4. Principal of Housing Loan
If you have taken a housing loan to build or buy a residential property, you can claim the deduction for the principal repayment. Both individuals and HUF are eligible for this deduction. However, keep in mind that any deductions taken in previous years will become taxable if you sell or transfer such house property before the expiration of five years from the end of the financial year in which possession of such property was taken.
5. Tuition Fees for Children
When paying your children’s tuition at any Indian university, college, school, or other educational institution, you are eligible to claim the deduction for this amount. However, gifts, development fees, and other similar payments would not be eligible for the deduction. If you want to be eligible for this benefit, there are a few things you should be aware of. Only two children are eligible for deductions. It should be paid for only a full-time education. It must be paid to an Indian university, college, school, or other educational institution.
6. Mutual Funds (ELSS)
ELSS may be a suitable choice for you if you enjoy taking calculated risks when investing in the stock market. You may invest in UTI units or mutual funds that are listed under Income Tax India, 1961, Section 10(23D), for deduction Under Section 80C of Income Tax Act 1961. With no upper limit, you can start investing with as little as Rs 500. The money must be deposited for a period of three years. Under Section 80C, the investment is exempt up to Rs 1.5 lakh, while long-term gains from withdrawals are exempt up to Rs 1 lakh. The dividends received will be subject to tax under the head “Income from other sources.”
7. Deferred Annuity Plan
The payment under the deferred annuity plan may be claimed as a deduction Under Section 80C of Income Tax Act 1961. You, your spouse, or any of your children’s names may be on this annuity. However, there should be no provision to receive cash in lieu of an annuity in order to claim a deduction under this annuity plan. For government employees, if any amount is deducted from their salary under this plan, the deduction under this section is limited to 20% of their salary.
Prime Minister Narendra Modi introduced Beti Padhao movement on January 22, 2015. A resident individual parents with a girl child may invest in this program until the age of ten. This bank account has an annual minimum deposit limit of Rs 250 and an annual maximum deposit limit of Rs 150000. The amount must be deposited for a period of fifteen years. This account will mature after 21 years. It is tax free at the time of investments, returns, and withdrawals which means its EEE rated.
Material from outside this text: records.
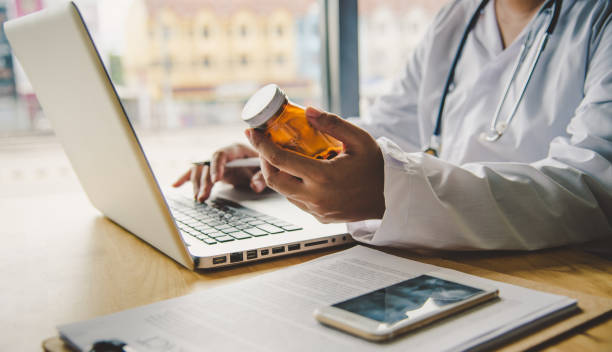 istock Physician information about the medicine by the lab. 1051292616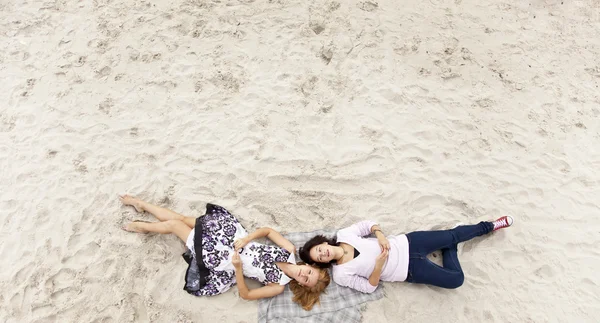 Dos hermosas chicas tumbadas en la arena . —  Fotos de Stock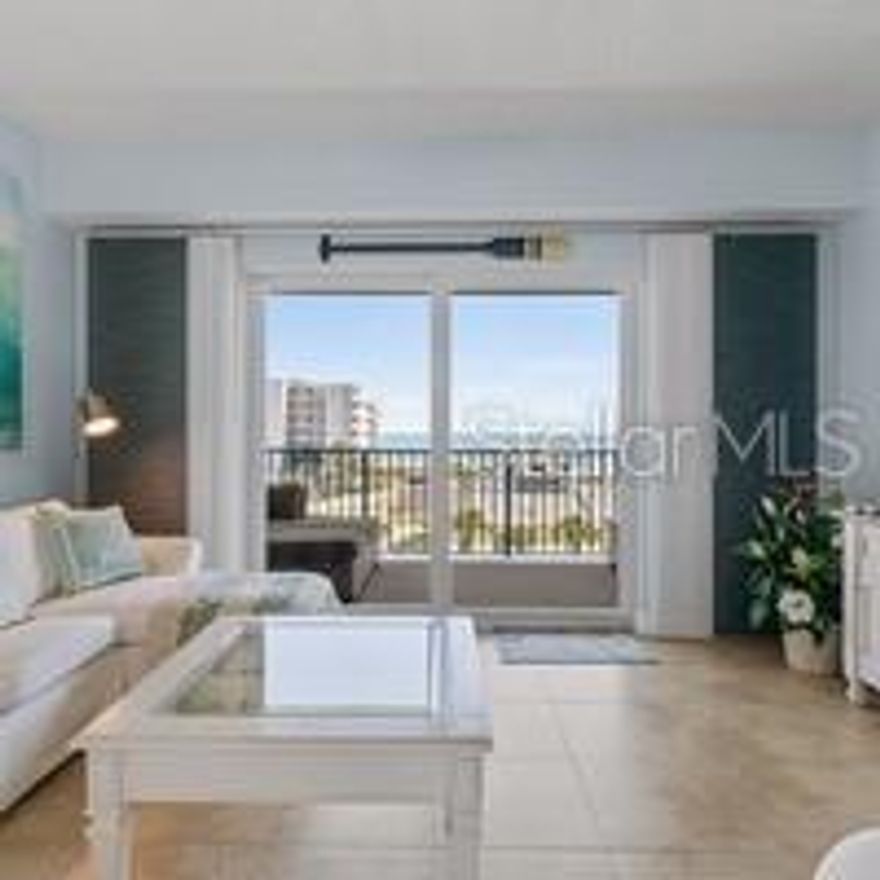 Welcome to your luxurious coastal living NSB condo turnkey and waiting for YOU to call HOME! This beautifully decorated 5th floor condo with stunning ocean views from the moment you walk through the door. The view from your front door and guest bedrooms features an expansive view of the nature preserve and breathtaking views of the sunsets. There is a retractable screen on the balcony is perfect for keep insects out while enjoying the ocean breeze. The primary suite has its own private access to the balcony. The kitchen features cherry cabinets, stainless steel appliances, double oven stove, granite countertops, and a large breakfast bar. Community amenities include: direct access to the no-drive portion of the beach, gated entrances, garage parking, 2 heated pools, 2 fitness centers, 2 clubhouses, basketball, tennis, and shuffle board court, and a raised nature reserve boardwalk trail. Move in ready!! Make this your home TODAY!!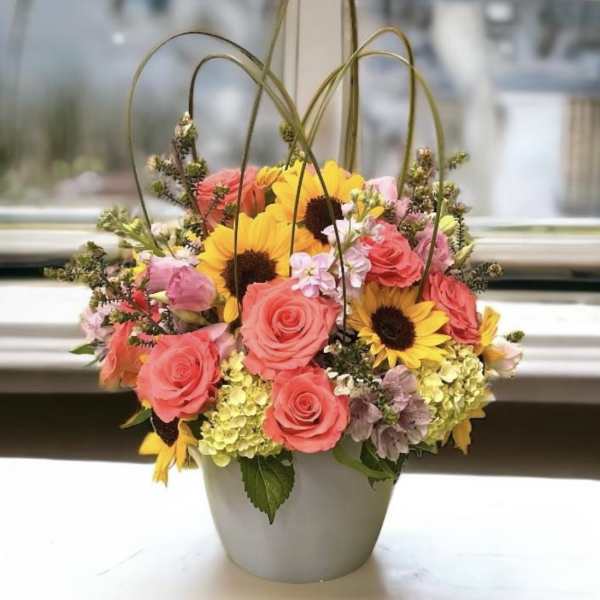 Basket arrangement of pink roses and yellow sunflowers in a gray container
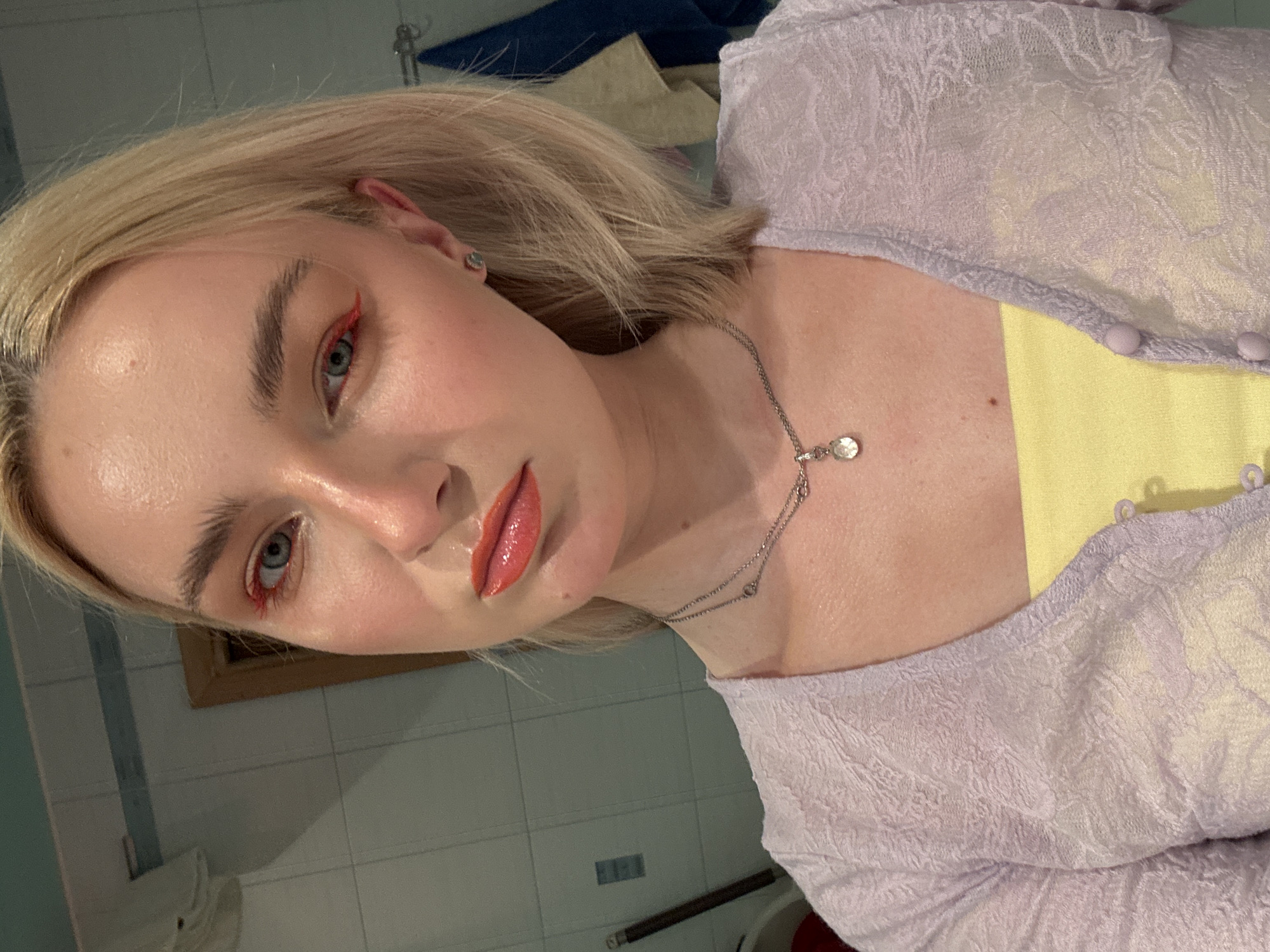 A young woman with blonde hair and fair skin is looking directly at the camera. She is wearing a light purple, textured cardigan over a yellow top, and a silver necklace with a pendant. Her makeup includes bright red eyeliner and a glossy coral lipstick. She is indoors, in what appears to be a bathroom with tiled walls.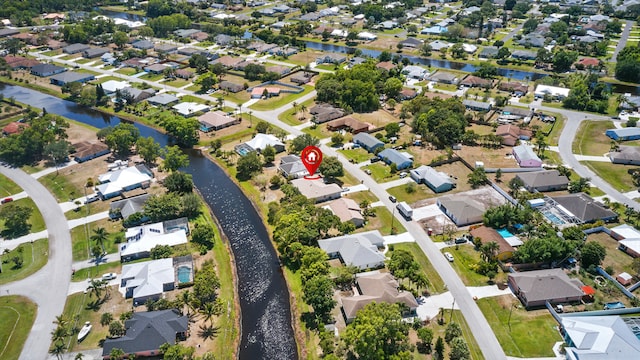 2449 SE Rock Springs Dr, Port Saint Lucie, FL 34952 - aerial view of property and surrounding area with nearby suburban area and a nearby body of water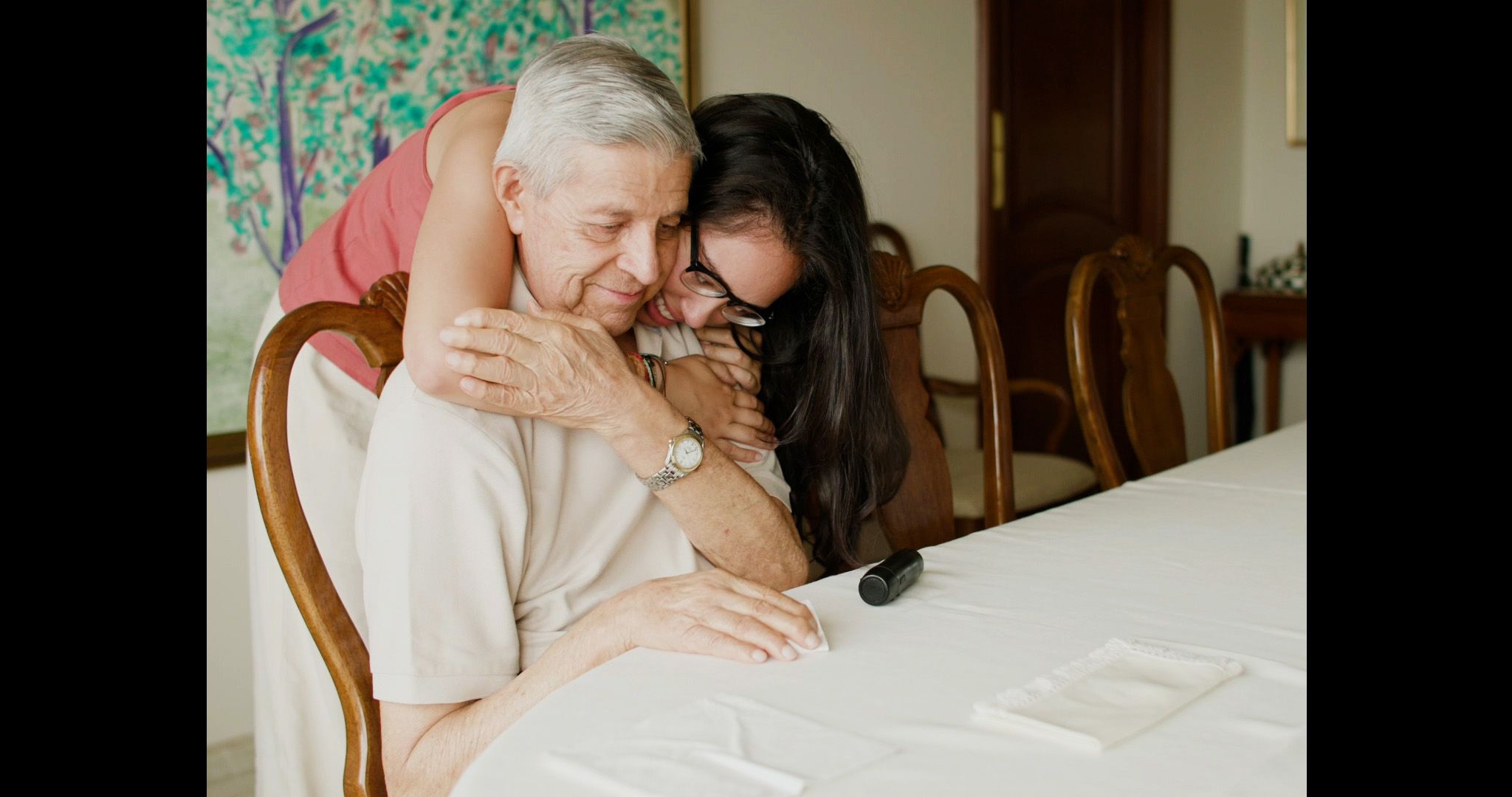 A woman with long dark hair hugs an elderly man sitting at a dining table from behind as they both smile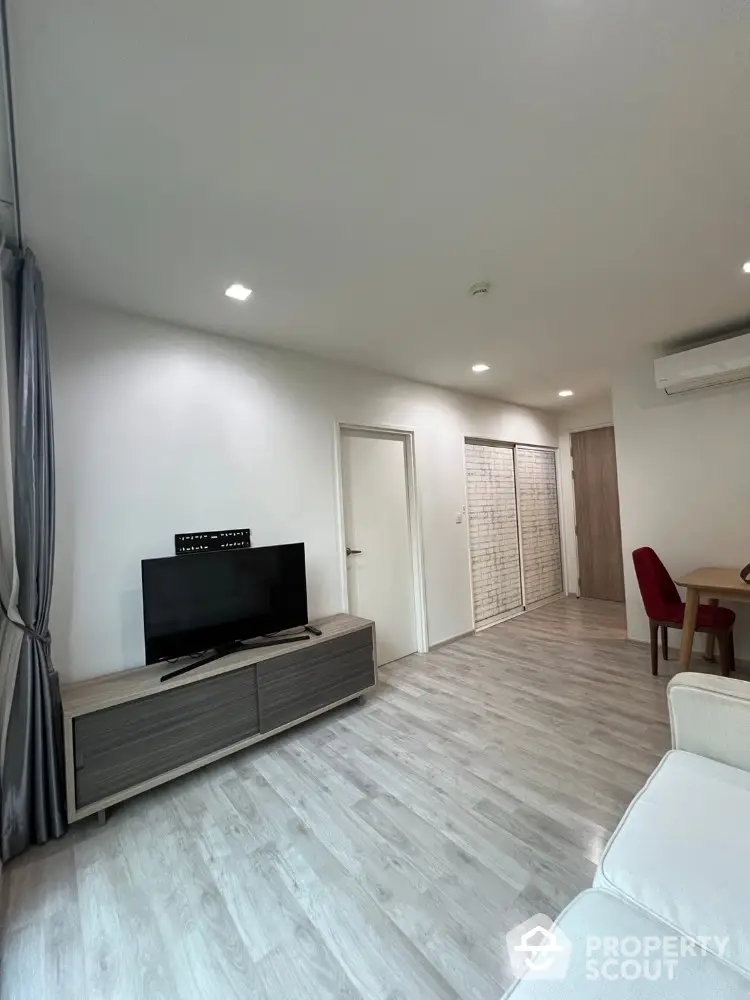 Modern living room with sleek TV stand and dining area, featuring elegant flooring and ambient lighting.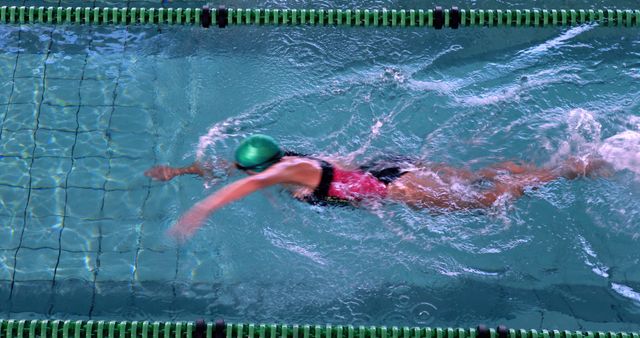 Professional Female Swimmer Practicing in Pool - Download Free Stock Images Pikwizard.com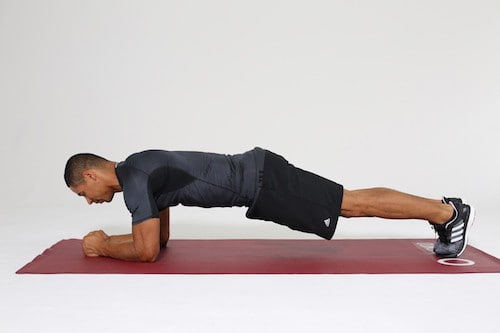 Mann macht Plank auf dunkelroter Trainingsmatte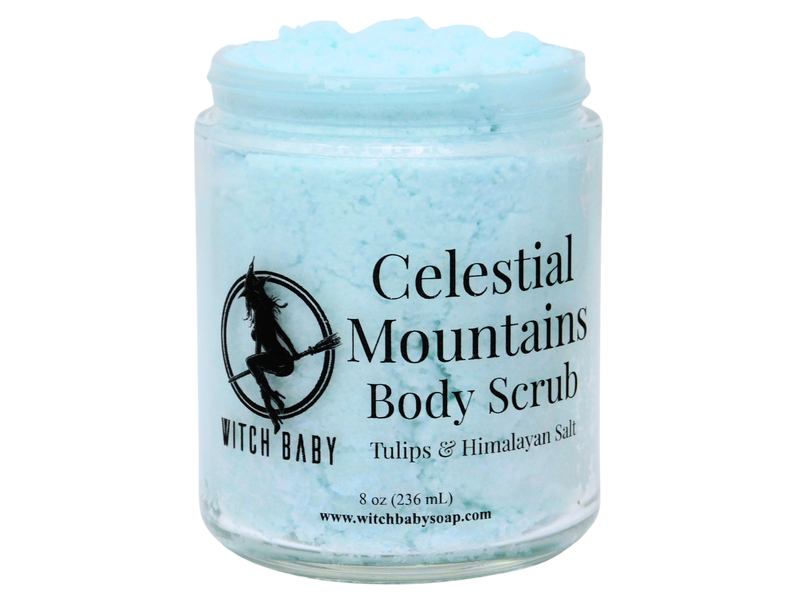 light blue thick body scrub in glass jar that reads: celestial mountains body scrub. tulips & himalayan salt.
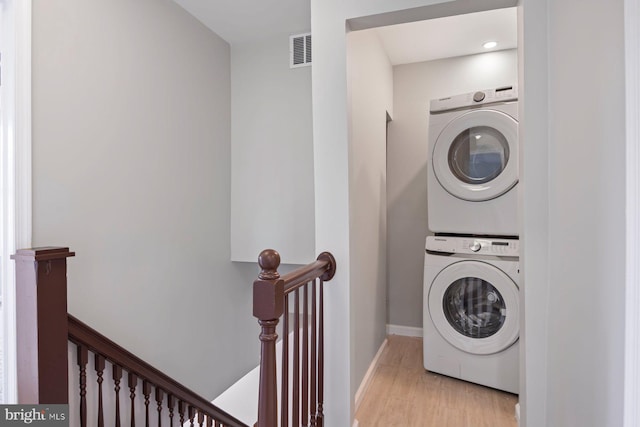 5300 Merceron Ave, Baltimore, MD 21207 - laundry room with stacked washing machine and dryer, light wood finished floors, and baseboards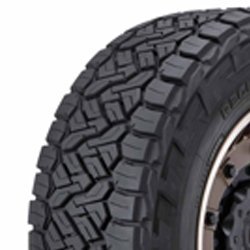 Off-road tire with rugged tread pattern for all-terrain driving.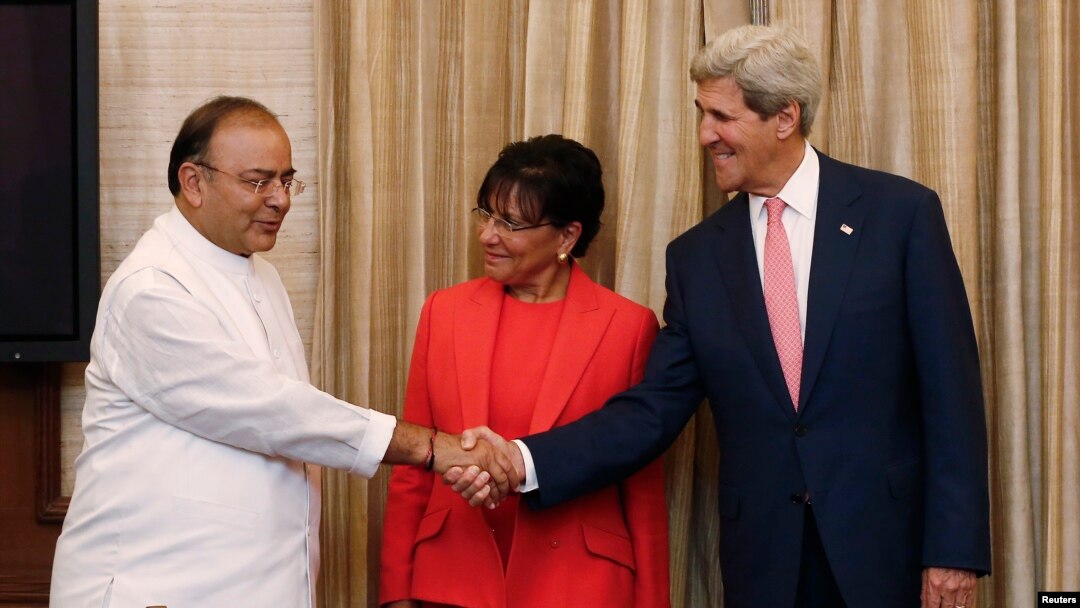 U.S. Secretary of State John Kerry (R) shakes hands with India's Finance Minister Arun Jaitley as U.S. Commerce Secretary Penny Pritzker (C) watches before the start of their meeting in New Delhi, July 31, 2014.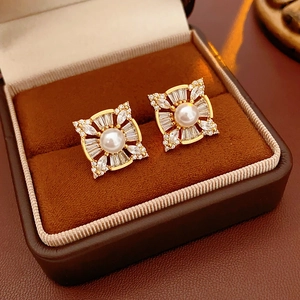 Detail of square floral pearl earrings with zircon stones in a velvet box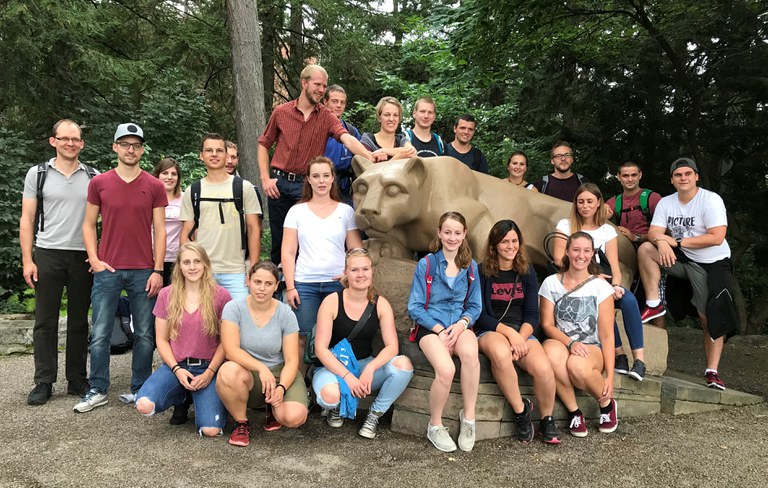 The visiting Swiss students enjoyed the opportunity to pose with the Nittany Lion.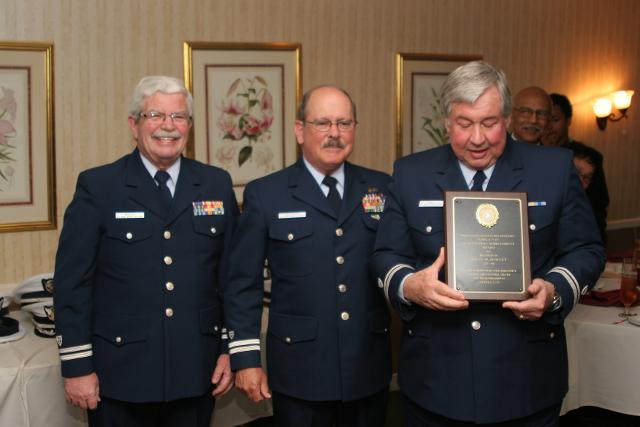  Flotilla Commander Paul Morin and Immediate Past Flotilla Commander John Galleazzi  award Bruce Rowley as 2012 Auxiliarist of the Year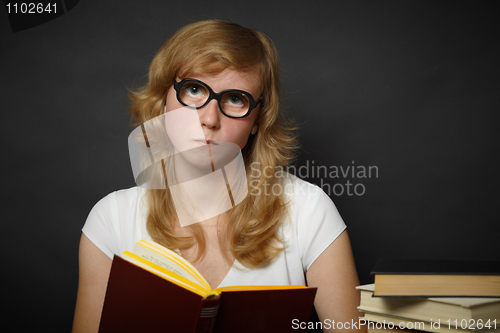 Image of Well-read woman looks through spectacles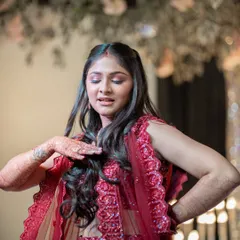 The bride performing during the Sangeet. I capture the movement and expression of dance performances, preserving the energy of the night.
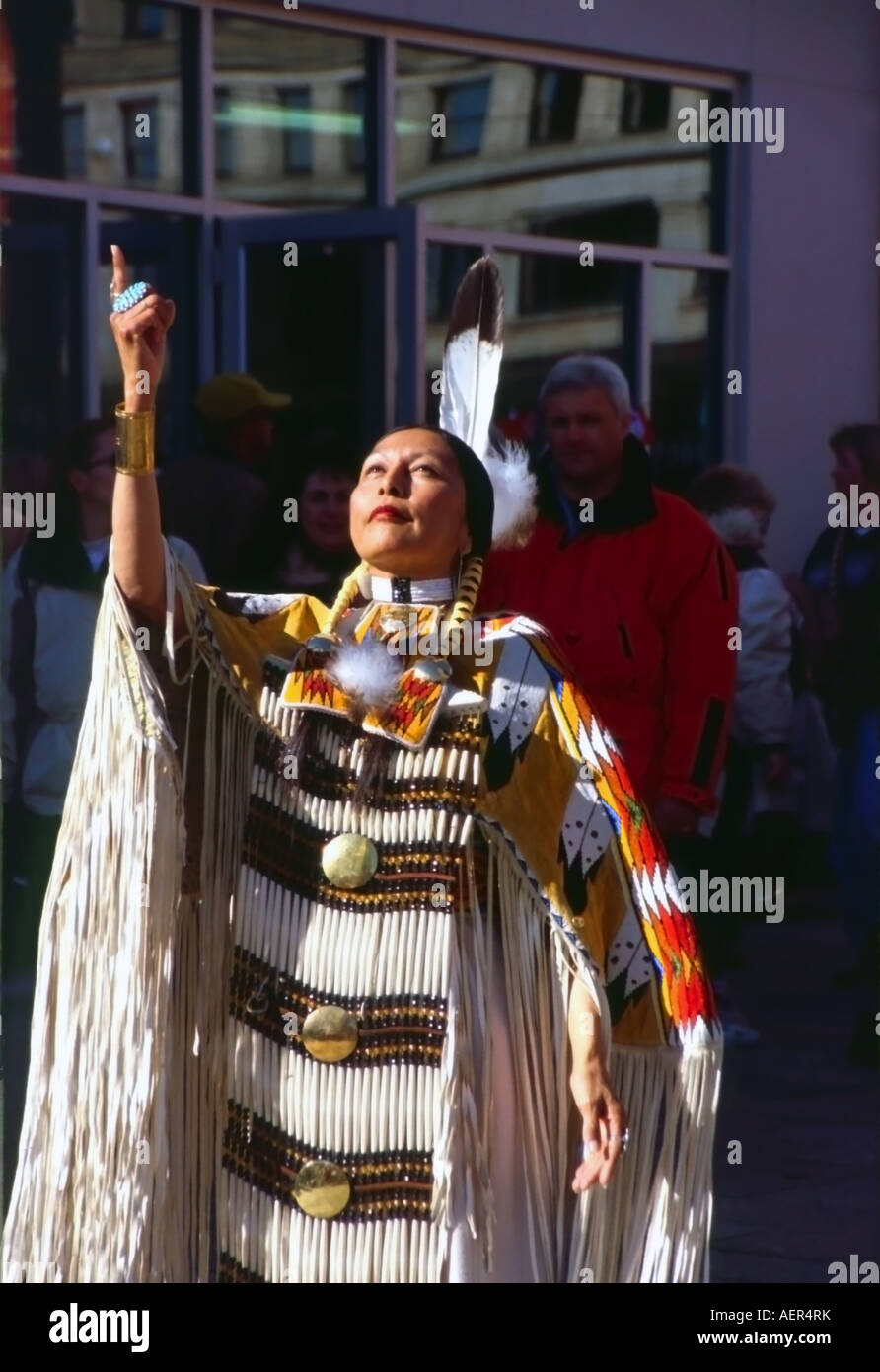 Native American performing a ceremonial dance on Main Street in SLC ...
9. NSC (National Saving Certificate)
National Savings Certificate (NSC) investments are known as extremely safe. HUFs are not allowed to purchase NSCs; only individuals are allowed to do so. There is no upper limit on the amount that can be invested; the minimum is Rs 100. The money must be deposited for a period of five years. The interest earned is taxable under the head “Income from other sources,” and the investment is allowed as deduction Under Section 80C of Income Tax Act 1961. One interesting feature of NSC is that interest is deemed to be reinvested in NSC upon accrual. You receive an additional tax benefit on the amount of reinvested interest as a result.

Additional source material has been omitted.